Parish business manager Paul Warren echoed the sentiment, noting that baseball alums “talk about Norm not as a coach but as a father figure.” Norm DeBriyn, he added, is “one of the most humble people you’ll ever meet. … He doesn’t want to be ostentatious.”
The couple is active in the parish and many other community activities. Norm DeBriyn is one of four special ministers of Communion in the parish, meaning, in the absence of a priest, he can hold a Communion service, Warren said. The couple regularly bring Communion to parishioners who cannot attend Mass and Norm DeBriyn recently began the diaconate program.
The project’s been several years coming and is another step in the multi-phased construction plans parishioners expected when they moved in 2002 from a location near the city’s downtown area to a larger site on the east side. A new building opened at that time houses both the school and the church. When Mass attendance requires, walls in the sanctuary are pushed out to allow additional seating in the area used as a school cafeteria.
Warren said the chapel seats 900 people. “But you wouldn’t want to just recreate” a sanctuary of similar size. “The design we want (would seat) 1,500 people.” Warren estimated a church of that size would cost $8 million to $10 million, currently beyond the means of the parish.
“You would need pledges of $6 million to $8 million. We’re not large enough to do that yet,” he explained.
The addition of another grade level –eighth — may also help progress toward the creation of a Catholic high school in northwest Arkansas.
“It will be up to Father Barber when we finish (the activity center) whether he wants to do that (add eighth grade) right away,” Wood said.
Warren said best “guesstimates” for the cost of the new building are $5.7 million. Church officials hope to get pledges of $2.5 million to $3 million from parishioners in the next three months and to cover the balance with grants from non-parishioners and foundations. Among those who will be asked to contribute are non-parishioners who have children in the school.
“We need to keep the cost down” as much as possible, Warren said, adding that the project will be “value-engineered as best we can.”
That, he explained, means considering various options to reduce costs.
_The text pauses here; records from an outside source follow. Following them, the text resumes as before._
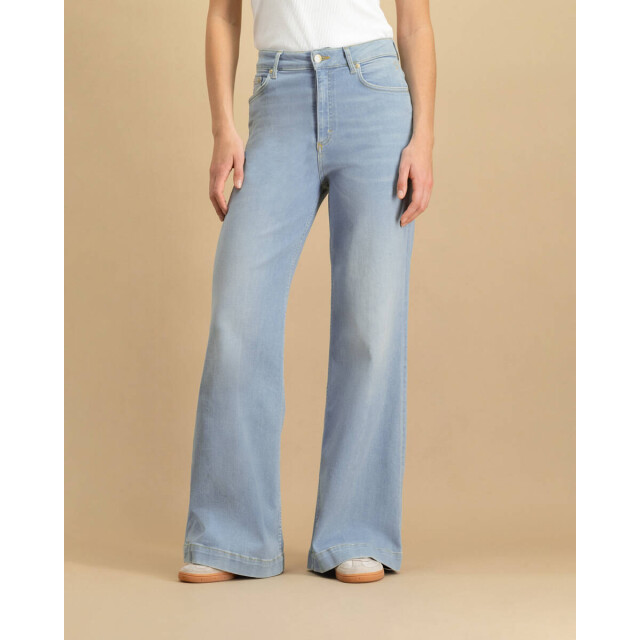 Circle of Trust Jeans s 115 palmer Circle of Trust Jeans S25_115_PALMER large
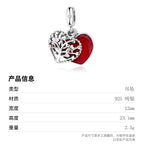d880e7172d95b2c83e728ba5b91ec0a3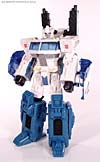Transformers Classics Ultra Magnus - Image #131 of 143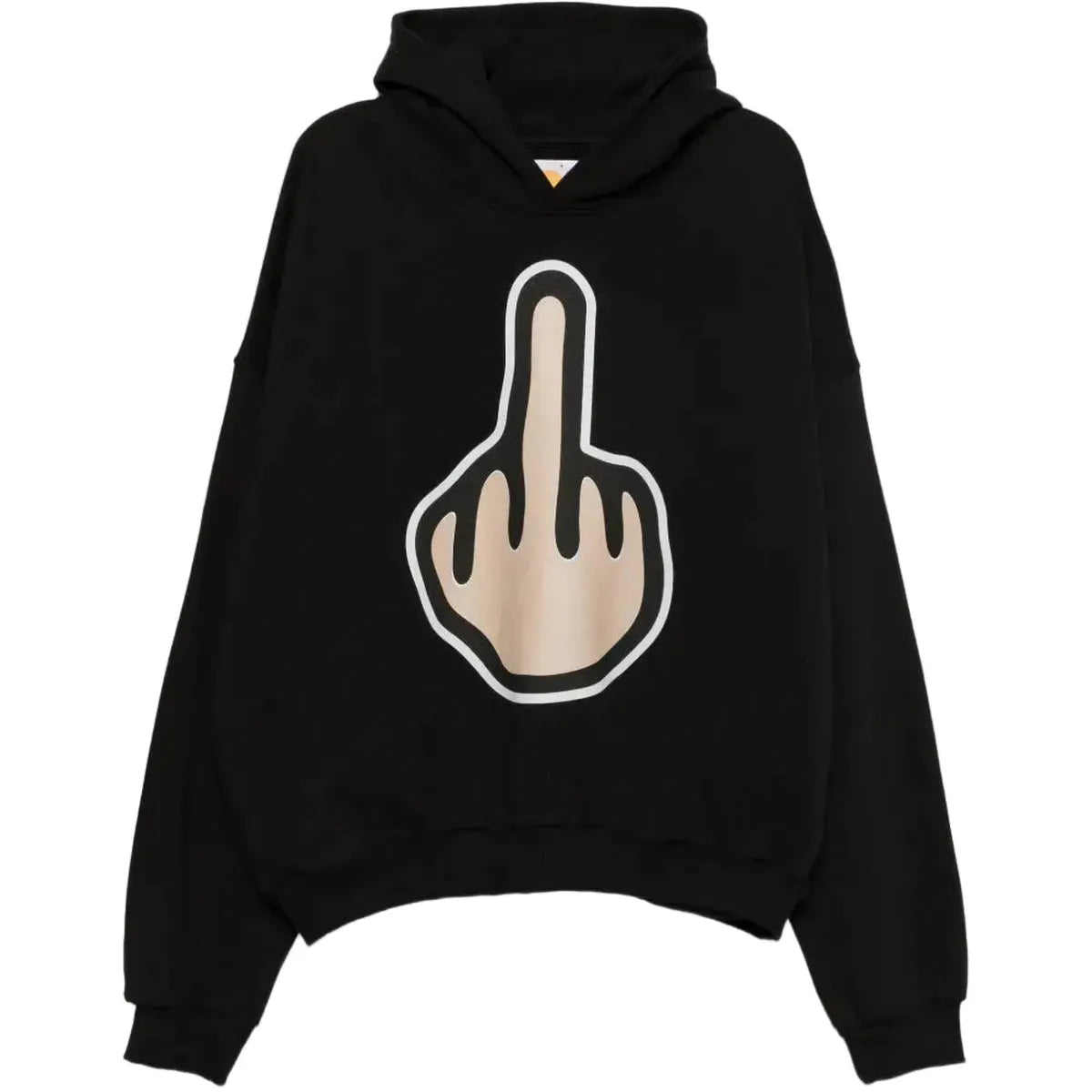 PDF - Mi Italy Hoodie
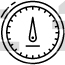 Speedometer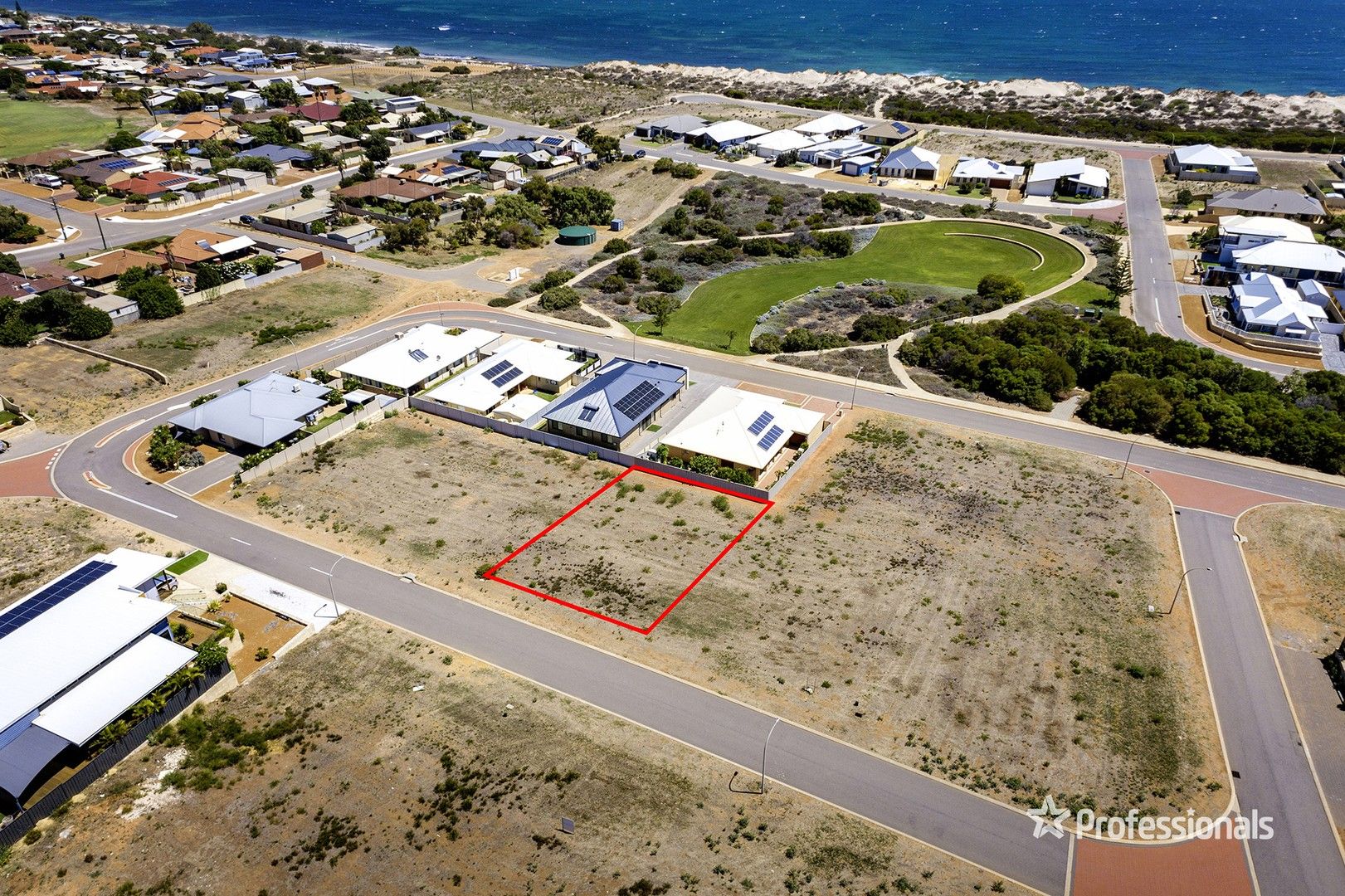 7 Misto Way, Sunset Beach WA 6530, Image 0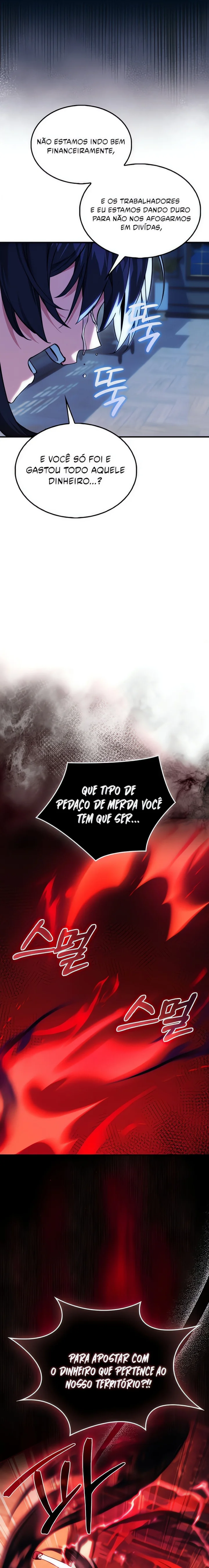 Página 16 do Capítulo 12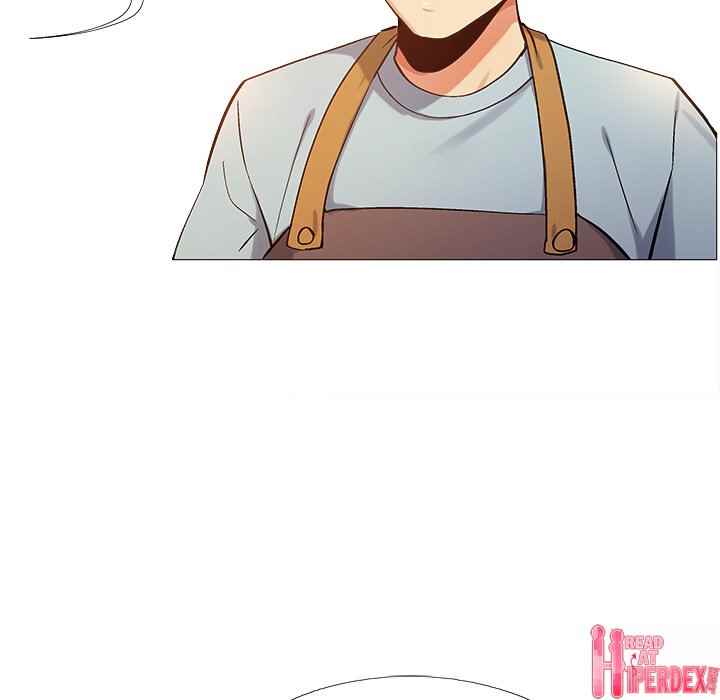 image-komik-komik-sergeant-brynn-chapter-02-123/181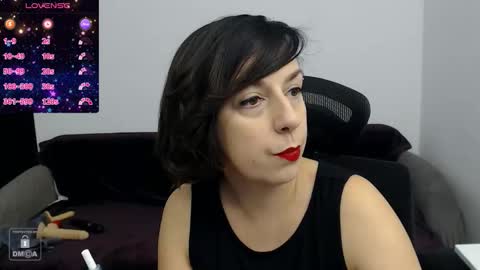 Snapshot of autumnopal chatting on 23, 9, 2025 AutumnOpal online show from 23, 9, 2025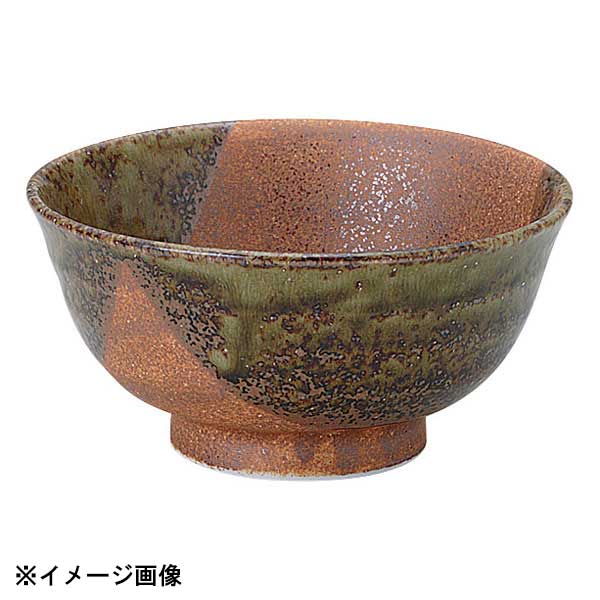 花伝 美濃伊賀 深口5.0丼 52761037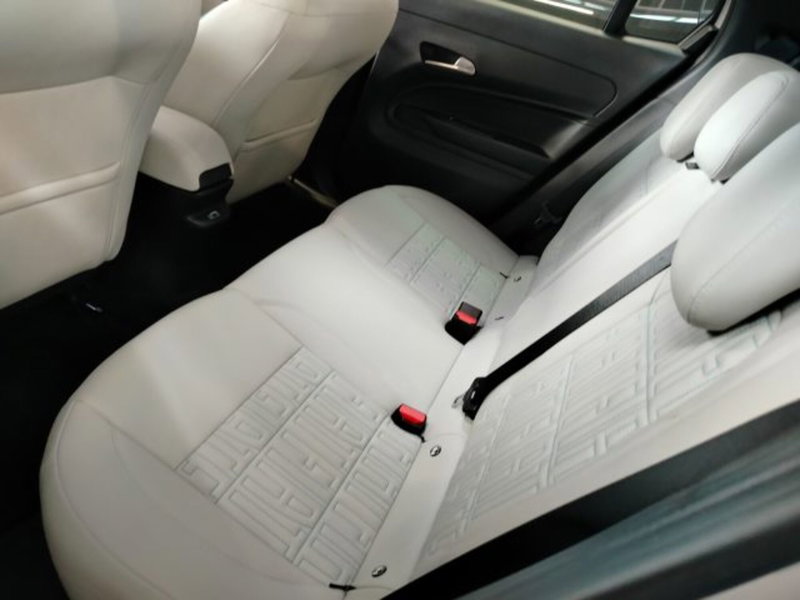 Fiat 600 usata a Forlì-Cesena (16)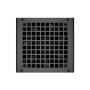 Блок живлення Deepcool 650W PF650 (R-PF650D-HA0B-EU)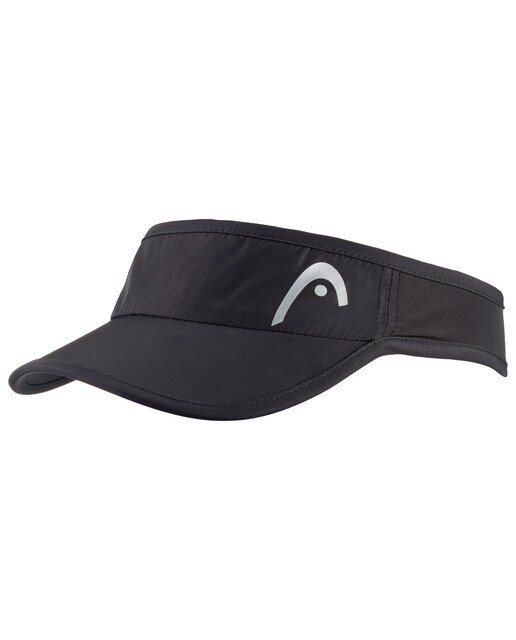 Imagem 0 de Pala Pro Player Visor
It was a strategy used on the existing building, which came in about 3 percent over budget.
Diocesan approval for projects like the DeBriyn Center is a three-step process, Warren said, and St. Joseph Parish has already gained preliminary approval for the first step of consideration. The second submittal to the diocese requires a meeting with the architect and that meeting is scheduled for Sept. 23, he added.
Wood said the capital campaign is expected be completed within four years.
“After we pay everything off, we want to move to Phase III,” construction of a free-standing sanctuary.